Emily's fingers gracefully danced over the screen, skimming over dozens of contacts on her list until she reached the one she was loathed to touch. The tip of her finger hovered over the name 'Douche' her teeth worrying against her lower lip in a silent debate whether she should call the man her brother considered his best friend or not. The thought of it alone made her nauseous. The redhead would have preferred dealing with her asshole of a boyfriend rather than her brother's friends. 'But this isn't for you. It's for Joey.' Her mind insisted, the tiny voice of reason doing its job to motivate her into pushing the send button. The phone was pushed against her ear, soon greeted with the ringing of the line once it finally went through.
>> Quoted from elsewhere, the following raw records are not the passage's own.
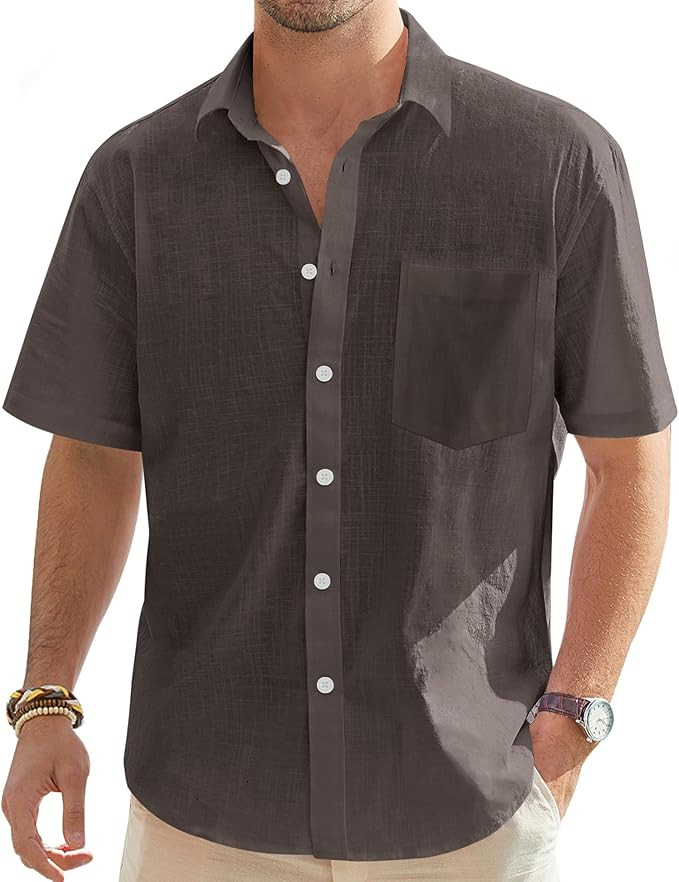 J.VER Men's Cotton Linen Short Sleeve Shirts Casual Lightweight Button Down Shirts Vacation Beach... | Amazon (US)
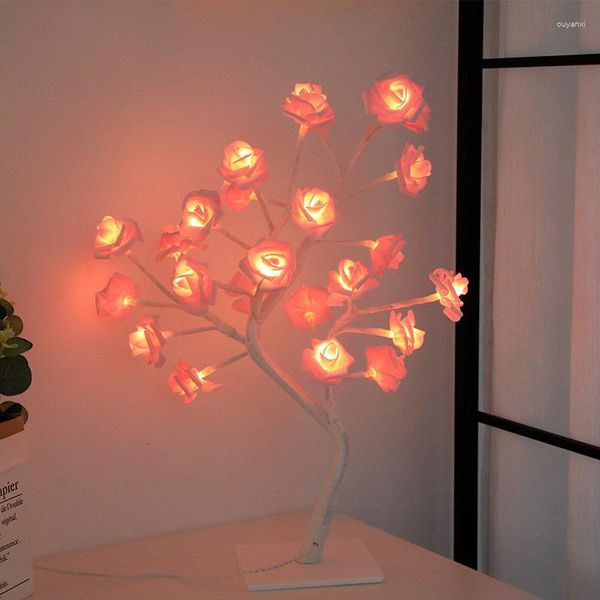 Nacht Lichter Led Licht Rose Baum Tisch Lampe USB Aufladbare Valentinstag Geschenk Dekoration Hause Zimmer Schlafzimmer Beleuchtung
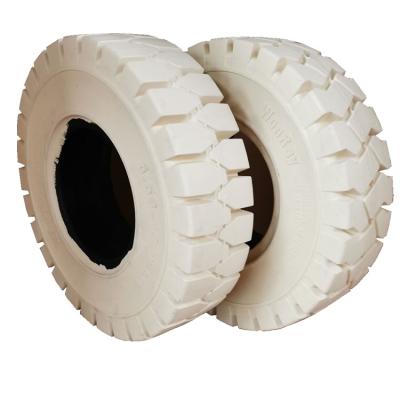 China Hotels Quality Supplier 3 Layers White Forklift Solid Tire Higher Wear Resistance Performance for sale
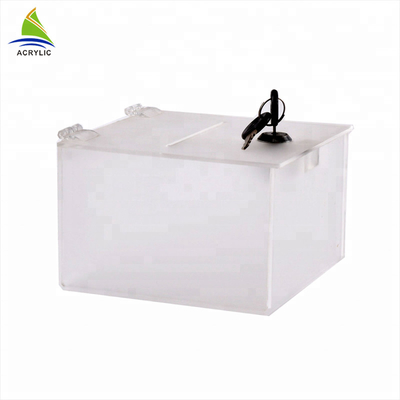 Caja de acrílico de la donación de la movilización de fondos transparente bloqueable clara de la sobremesa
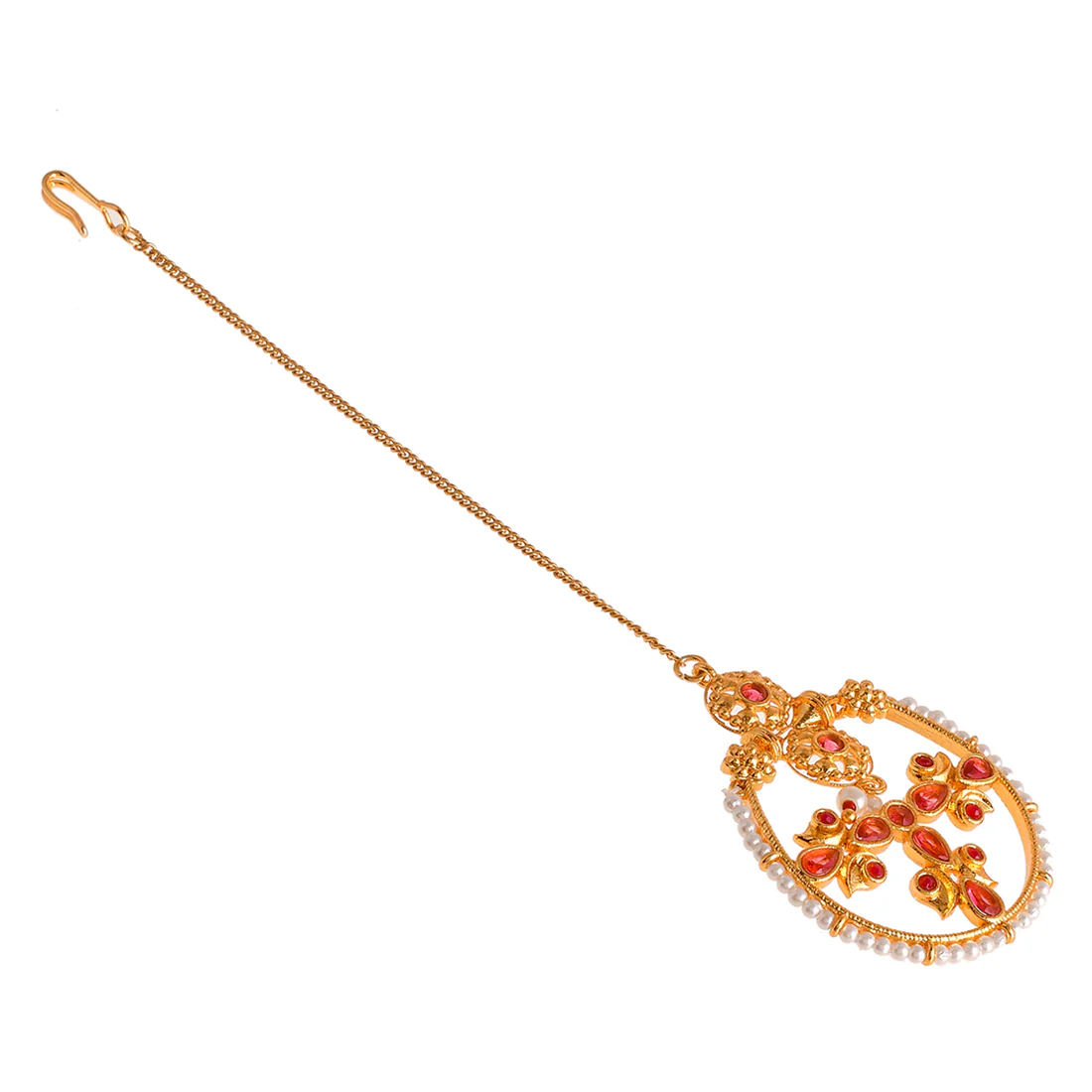 Abharan Floral Motif Teardrop Cut Red Stones and Pearls Maang Tika - Image 5
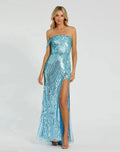 Blue One Shoulder Mesh Sequin Gown With Slit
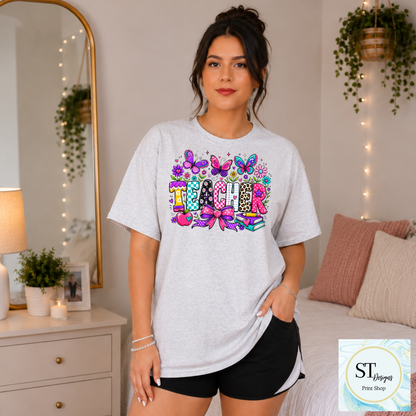 Colorful Butterfly Teacher Crewneck Sweatshirt | Cute Butterfly Floral Teacher Sweatshirt | Teacher Appreciation Gift | Back to School | Unisex S-5XL
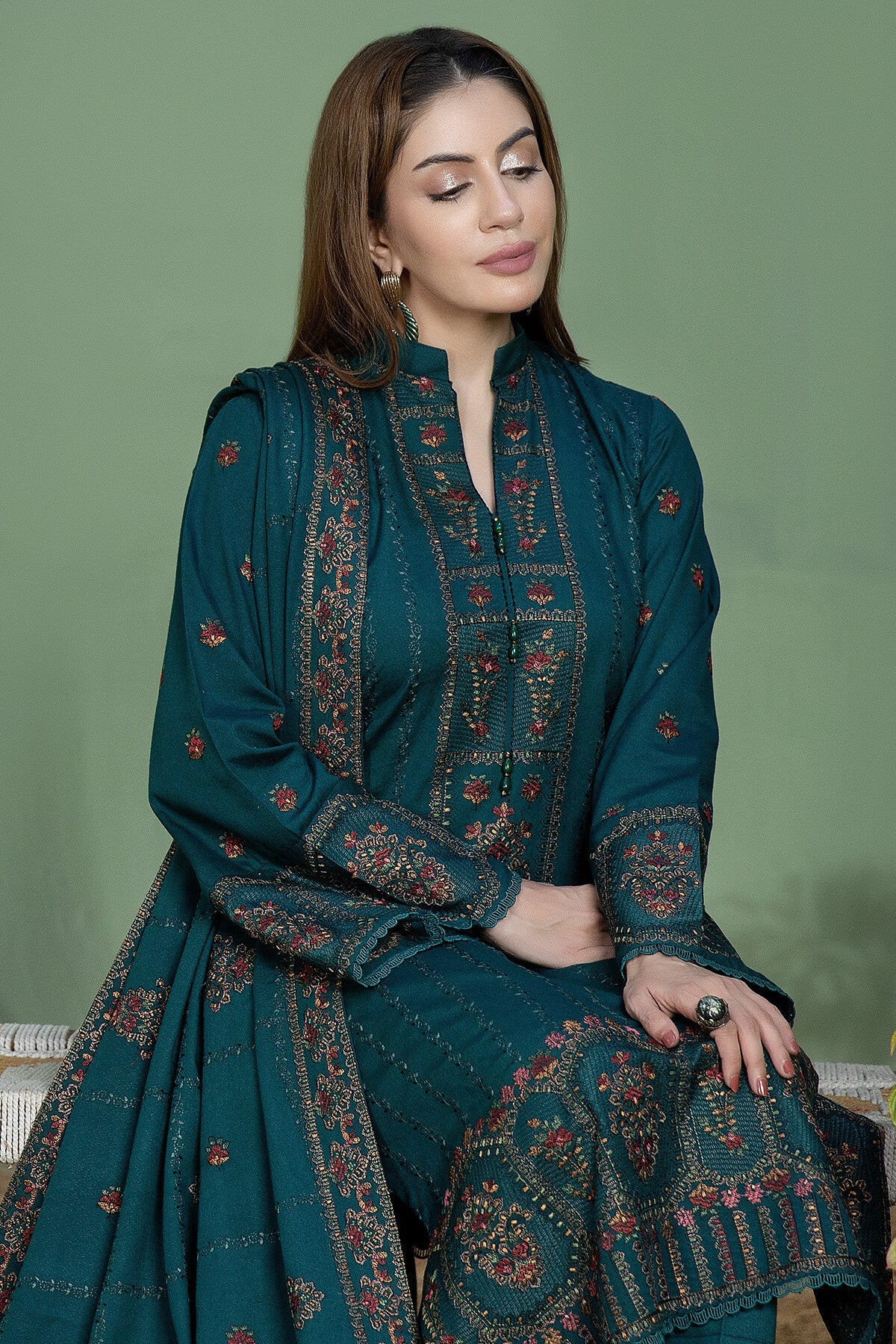 Noor-E-Fajar Winter Unstitched Dhanak 3pc With Heavy Embroidered Dhanak Shawl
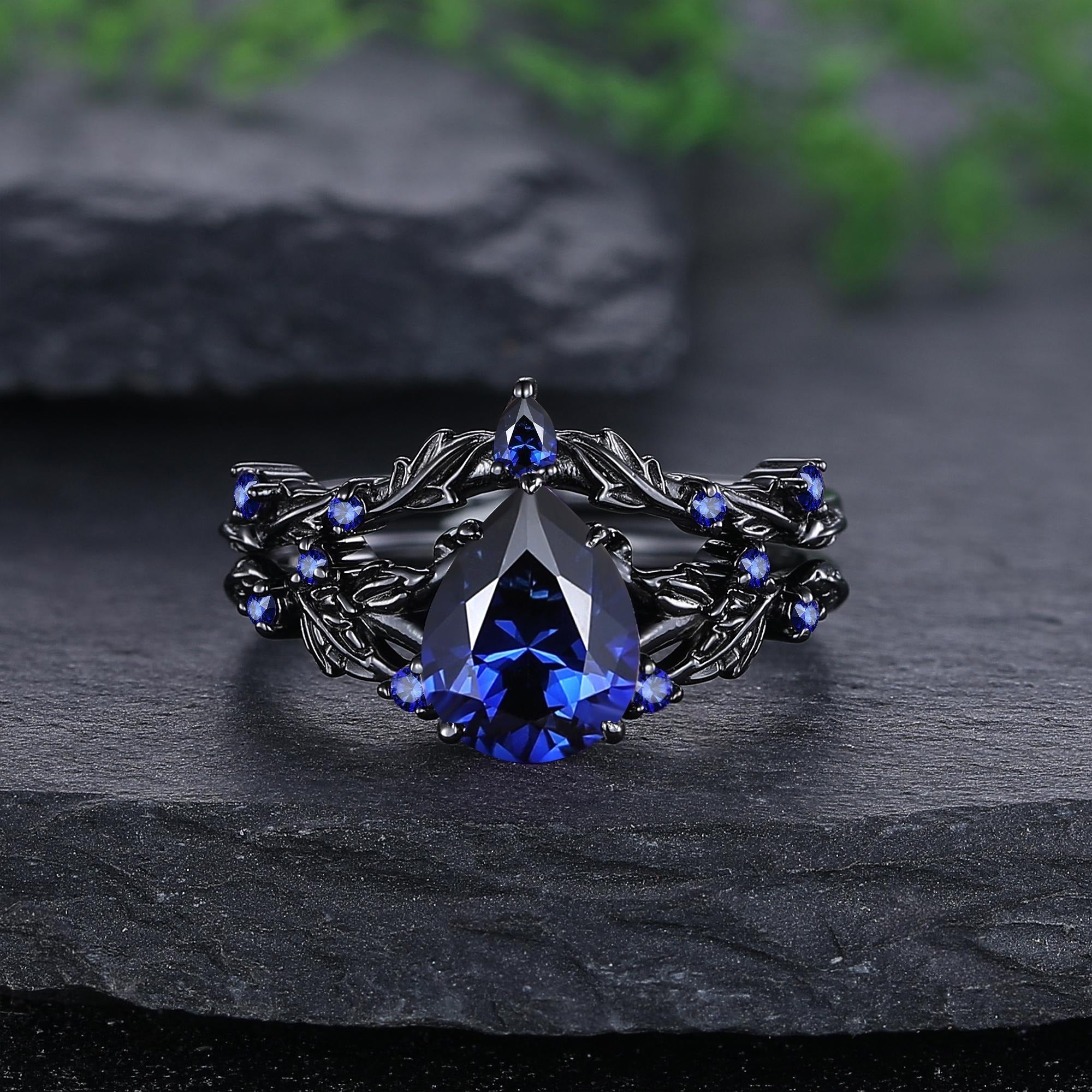 Pear Cut Blue Sapphire Engagement Rings Set Leaf Nature Inspired Women Ring - anerjuly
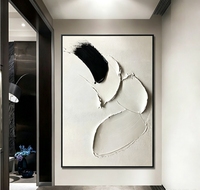Peinture à l'huile abstraite texturée sur toile, peinte à la main, effet impasto 3D, noir et blanc, art mural minimaliste, œuvre d'art esthétique moderne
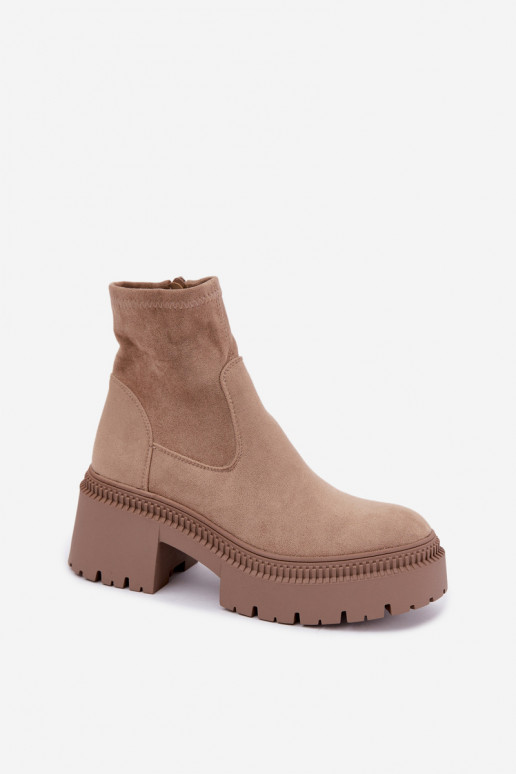 women's ankle boots with chunky heels and platform made of faux suede sand Elvianne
She didn't know whether he would answer, didn't really care whether he did or not. She made the effort to reach out to him, and to Emily that was all the courtesy, she would afford him. She was doing this for her brother who was currently laid up in a hospital bed in pain, and unaware that there was anyone out there worrying after him. Emily could at least tell him she tried when he woke up, and if she succeeded, she would deal with the man for as long as it took for her brother to recover. She could only hope that time would be short, or else she might end up going to jail for murder.
She waited until the phone stopped ringing, barely acknowledging whether she was greeted by a mechanical voice of voicemail, or her brother's friend. For a moment she couldn't speak, even saying the words out loud, telling someone else that her brother was in the hospital brought it all home for her. Right now she could pretend that Joey would be wide awake with a few casts and some bruises when she finally reached his hospital room, but once she spat the words out, finally gave his condition there was no taking them back. Emily finally found her voice, tense and thick, but still hers. "Joey was in a car accident. He's at Mercy Hospital. They're getting ready to move him up to ICU….I don't know what room yet, you'll have to ask if you come. I thought you would want to know." She ended the call as quickly as she made it, stuffing her phone back into her pocket without another thought. She didn't want to talk to anyone, especially not him, and she would have gladly avoided it entirely if she could have. But it was too late now. The call had been made and now it would only be a matter of time before she was stuck dealing with his loathsome presence.